While looking for pictures of my Daddy in some old memory and picture boxes that I forgot existed, I came across this WHS artifact that became the deciding factor on whether or not I was punished with demerits for a week out of every month.

I feel like I need to make this confession — — 20 years later. When you were my teacher in tenth grade, I accidentally brought this hall pass home in my coat pocket on like the first or second day of school. I had every intention of returning it and apologizing for the accidental theft, but I was 15 years old and hated getting demerits for needing to use the restroom. (you know — — that unfair rule that is a blatant disregard for females and the needs we biologically have zero control over. The one that punishes females because periods refuse to schedule themselves around a 12 minute break or that 4 minutes we were given to change classes.)

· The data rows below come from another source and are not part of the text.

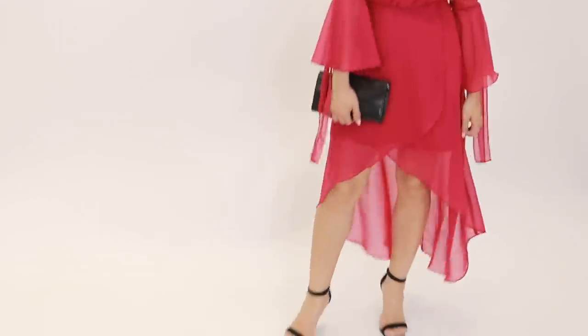I feel like you can take this look a little bit more formal depending on your accessories — like your earrings, or putting your hair back in a sleek bun. You can really take this dress from semi-casual to more formal because the hemline is kind of ambiguous. So that is it for my outfit.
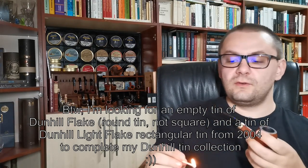Especially tins of tobacco that I already smoked. That's also a way to remind me — when I look at a tin, I remember the time I smoked it and how it was. But anyway, getting back to today's subject.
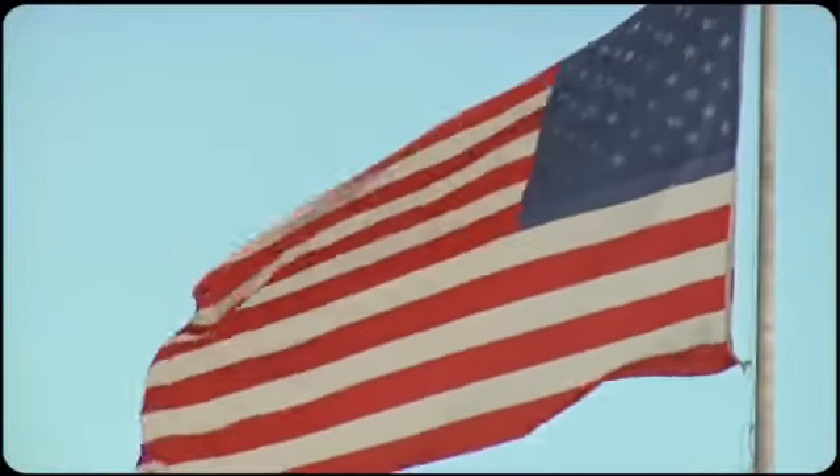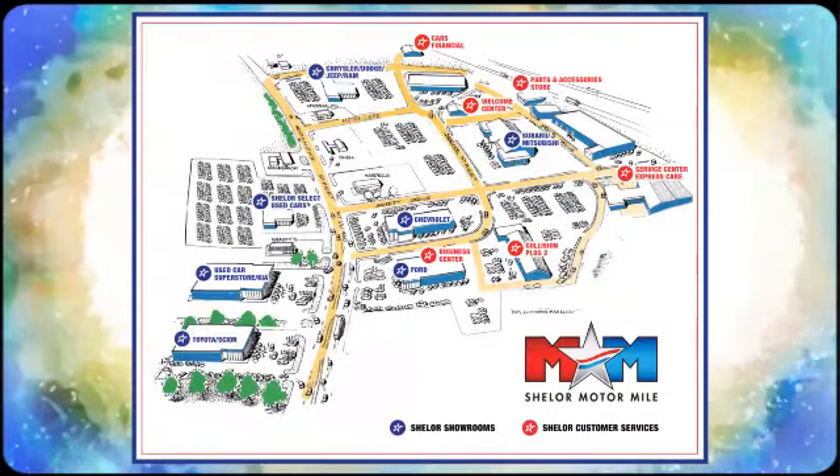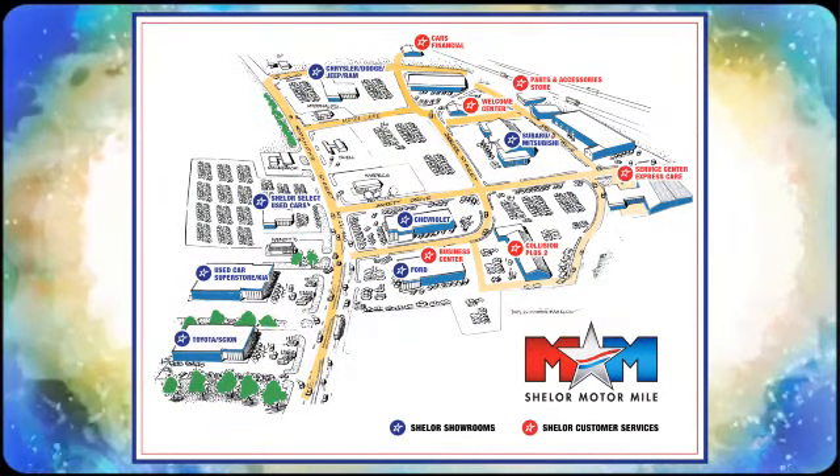Come visit us on the Motor Mile, where you're always a name and never a number. Call, click, or stop in. We're conveniently located at 200 Motor Lane in Christiansburg, Virginia.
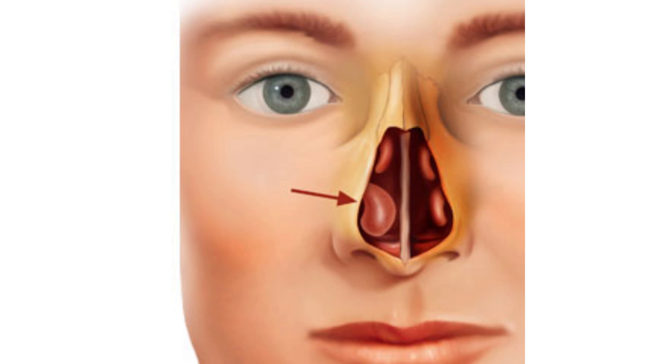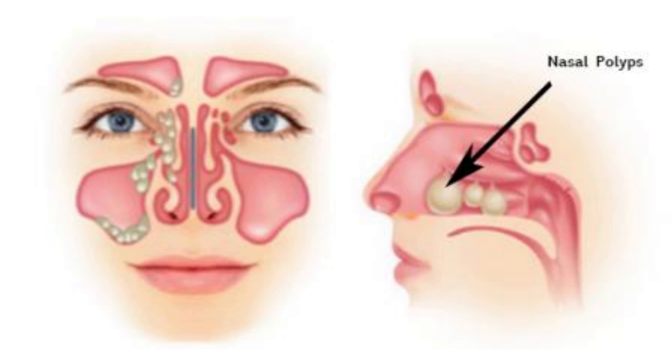In adults, because of deviation of the septum, there can be hypertrophied turbinates, which are the normal tissues in the nose that can increase in size, causing an obstruction. Polyps, which occur because of repetitive infections or allergies, can also cause obstruction, resulting in a blocked nose.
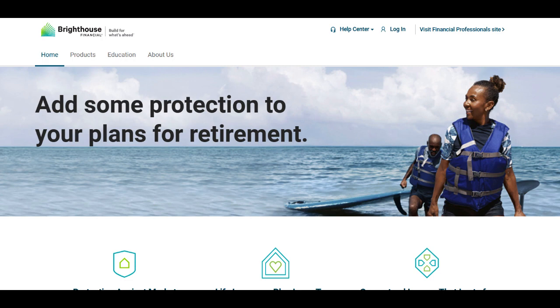Prospective investors should conduct thorough assessments, seek professional guidance, and ensure that this annuity aligns with their specific retirement goals and investment preferences before committing to it. Understanding the terms, limitations, and implications is crucial for making informed decisions about this financial product.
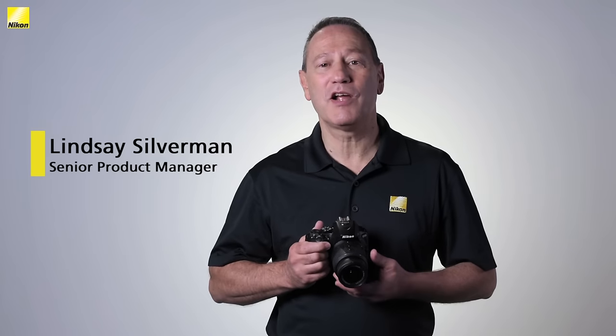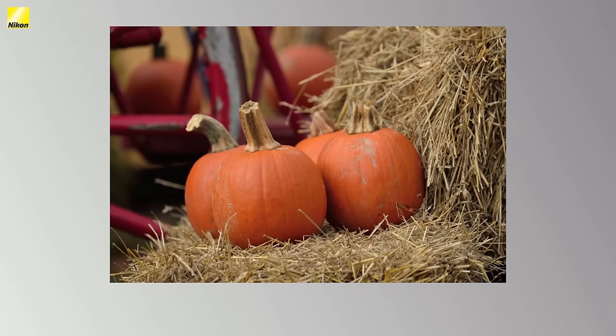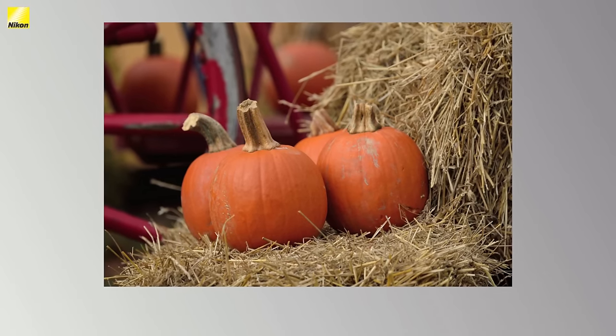Hi, I'm Lindsey Silverman, Senior Product Manager for Nikon, with this week's Smart Tip. Does your family go pumpkin picking this time of year? Why not bring your camera?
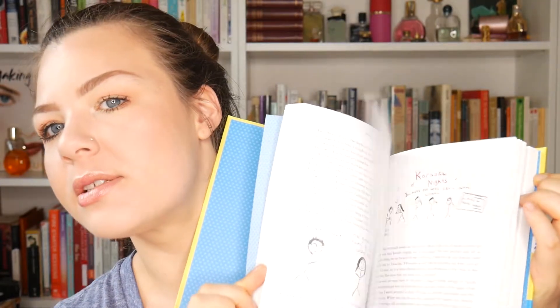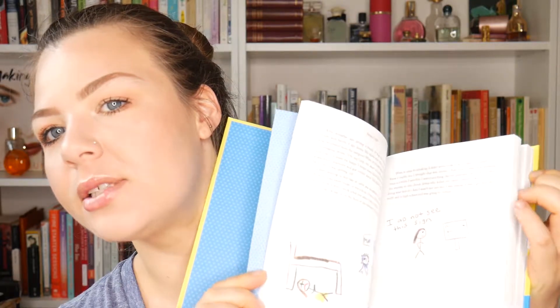Next we have Sober Stick Figure, which is a really cute hardcover book. This is a memoir of a woman who is trying to get sober — you know I love those addiction memoirs. The entire memoir has a lot of drawings, which I thought was really cool and neat. I'm really interested in reading her memoir and look forward to that.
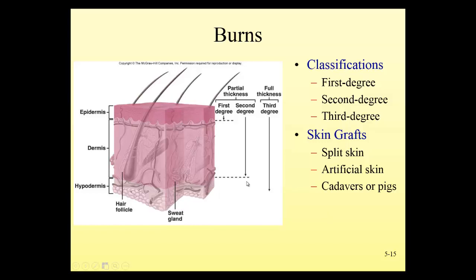The skin provides a protective mechanism. Anytime we burn a surface of the skin with heat or light, we are doing damage. We can classify burns according to degrees.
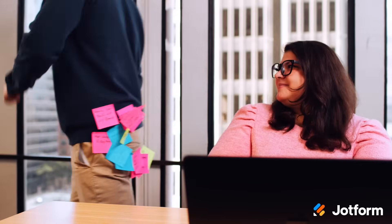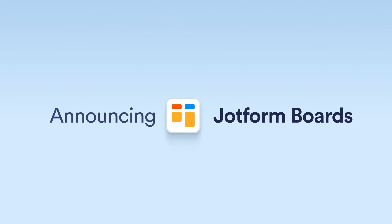My job here is done. JotForm Boards — capture and resolve every customer request.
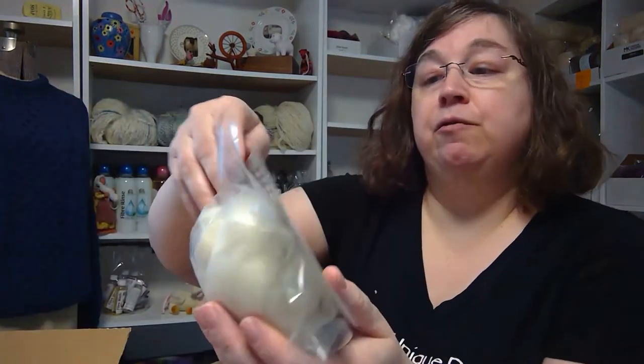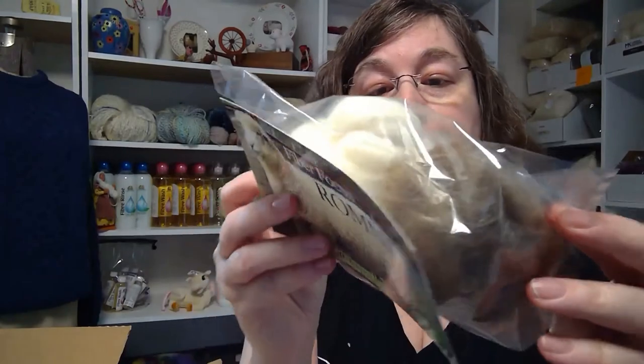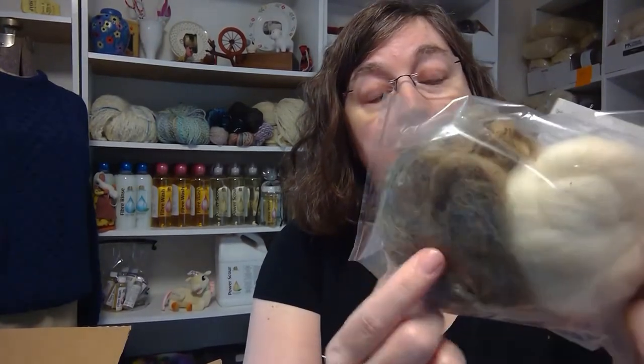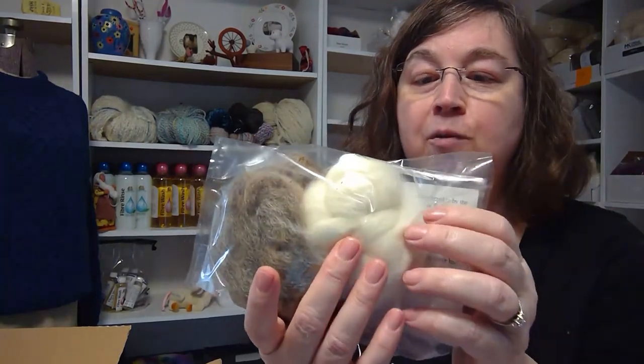Our fiber focus this month is Romney. What you'll get in your fiber focus is generally some raw and some prepared — one that you can prepare yourself. With the raw, you can try fiber washing, and then with the prepared, you can spin it up yourself and see what Romney's all about.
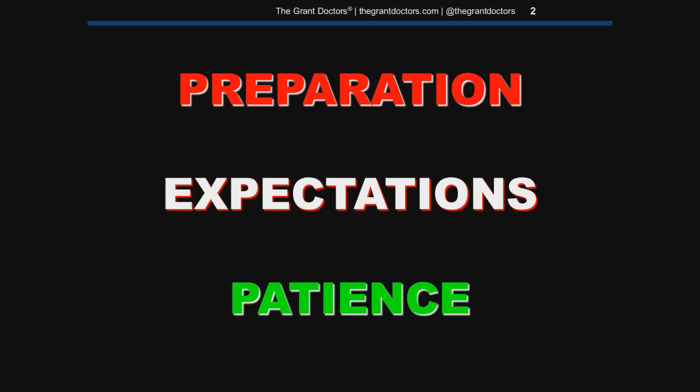In a nutshell, here are the three keys to success: preparation, expectations, and patience. Now let's go through each of them.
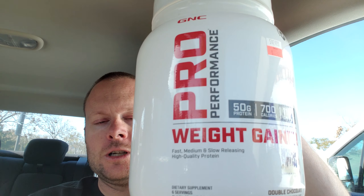What's up guys, I'm bringing you my supplement review for February 2019. This month it is a weight gainer product by GNC — it is the Pro Performance Weight Gainer in the double chocolate flavor.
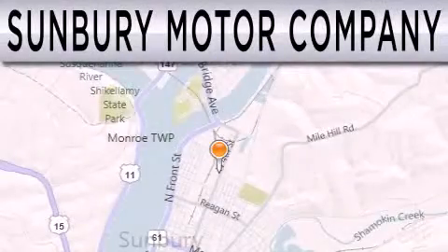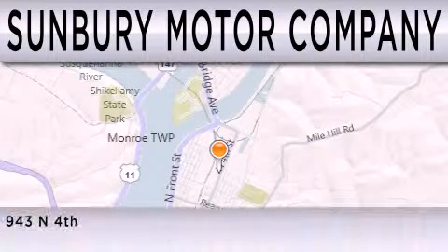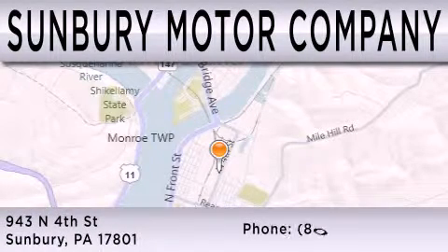Sunbury Motor Company is dedicated to doing everything possible to ensure that the experience you have selecting your next vehicle is as pleasant as possible. We are located at 943 North 4th Street in Sunbury.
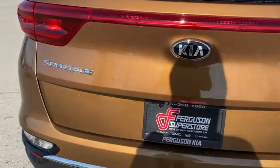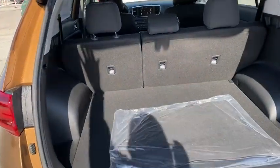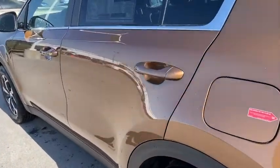These are just some of the great options this vehicle comes with: keyless entry, backup camera, lane-keeping assist, Bluetooth connection, steering wheel audio controls, aluminum wheels, stability control, rear spoiler, intermittent wipers, and traction control.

I wasn’t searching for a loophole, but a loophole found me. I held onto to this hall pass for my entire sophomore year. I went from having to attend Saturday school regularly to have demerits erased to stave off ISS to never getting another demerit.

This hall pass did the same thing my junior and senior years. I used to look at it and remember there was at least one teacher at WHS that refused to enforce such bullshit. Tonight I looked at it and saw a symbol of how indoctrinated and conditioned we are/were to the archaic rules and punishments that infringe on our very basic needs.

Thank you for being a teacher that absolutely refused to punish girls for having functional ovaries.